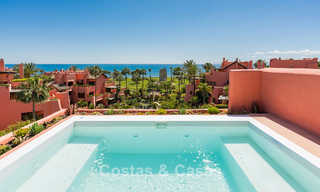 Ático en venta en un complejo de cinco estrellas en primera línea de playa en la New Golden Mile entre Marbella y Estepona 797739 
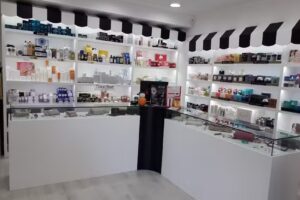 Beauty Salon 300th Avenue: Est&eacute;tica, pedicura y manicura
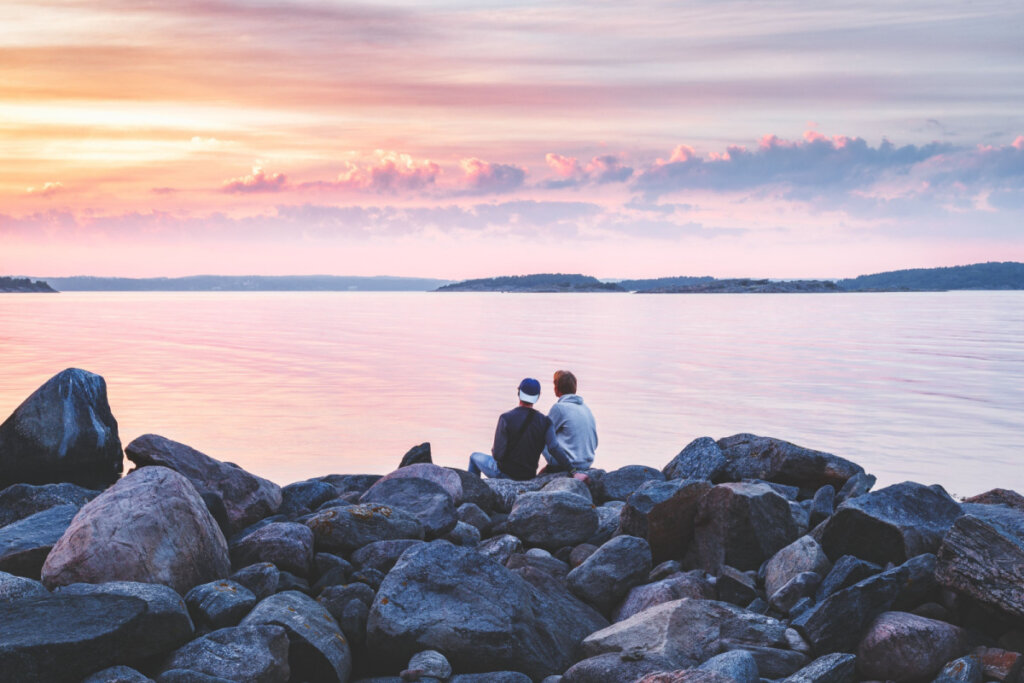Couple d'hommes regardant le coucher du soleil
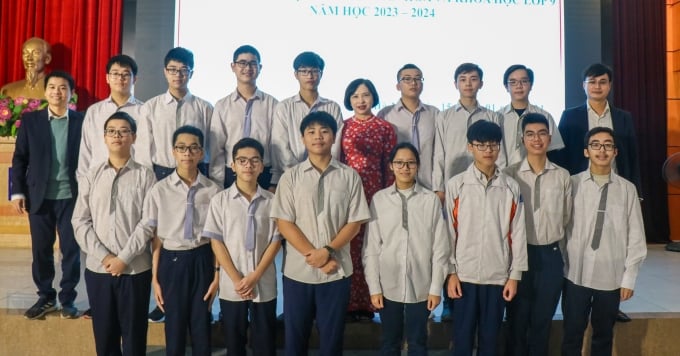 The team of excellent students in Mathematics from the secondary school system, Hanoi - Amsterdam High School for the Gifted, at a meeting before the exam, January 2024. Photo: School website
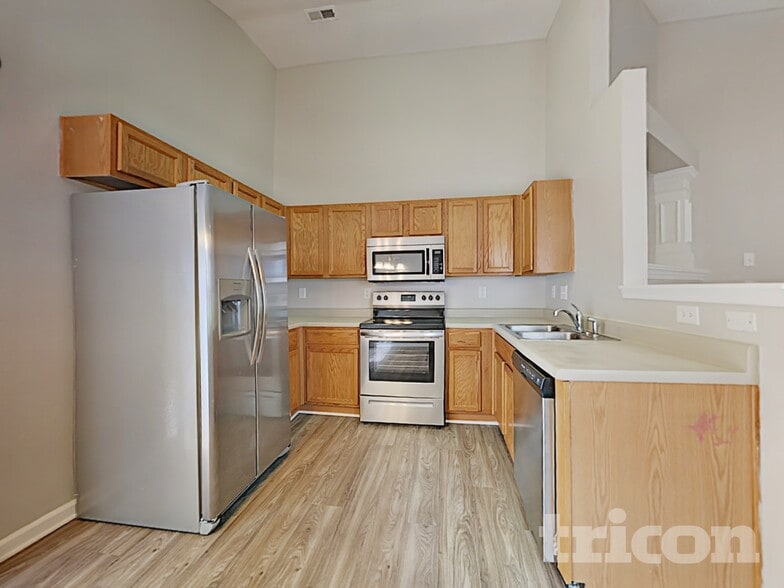 Building Photo - 8422 Wallace Glen Dr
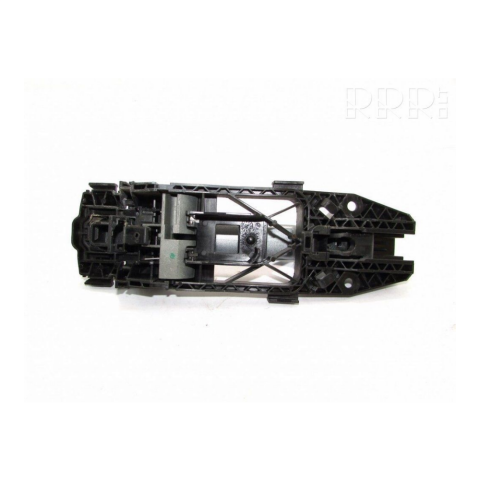 Dış Kapı Kol Braketi Ön Sol VW Octavia - Yeti 2013-2013 5L0837885C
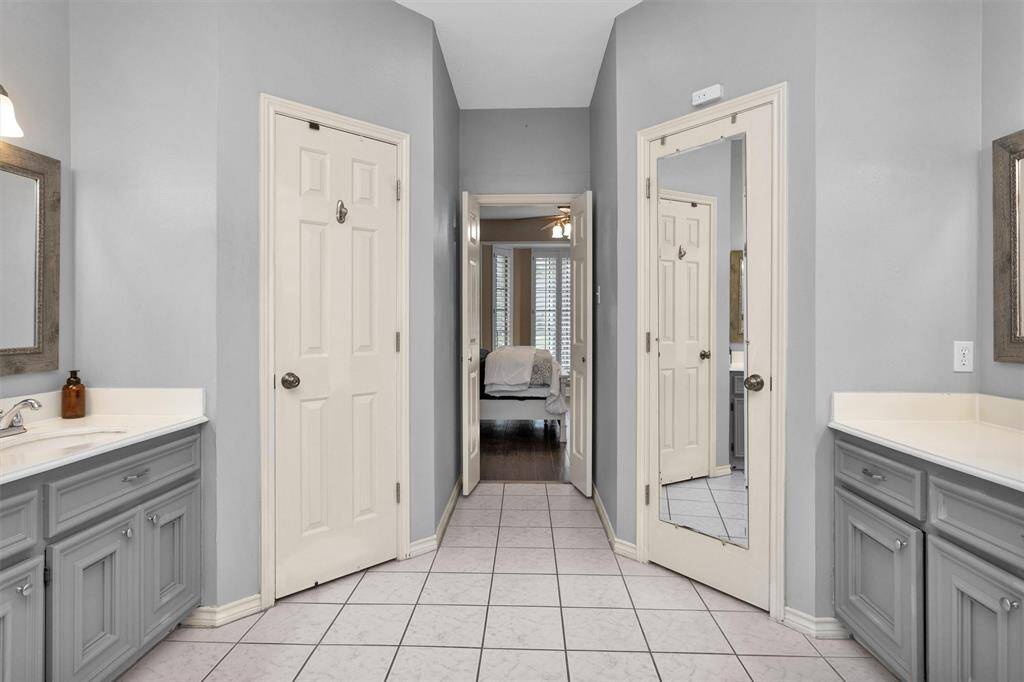 Double sinks and 2 closets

+--

▶ **Exercise**: Every line of the material must be repeated exactly; pictures stay out.

▶ **Your solution**:
 Ático en venta en un complejo de cinco estrellas en primera línea de playa en la New Golden Mile entre Marbella y Estepona 797739 
 Beauty Salon 300th Avenue: Est&eacute;tica, pedicura y manicura
Couple d'hommes regardant le coucher du soleil
 The team of excellent students in Mathematics from the secondary school system, Hanoi - Amsterdam High School for the Gifted, at a meeting before the exam, January 2024. Photo: School website
 Building Photo - 8422 Wallace Glen Dr
 Dış Kapı Kol Braketi Ön Sol VW Octavia - Yeti 2013-2013 5L0837885C
 Double sinks and 2 closets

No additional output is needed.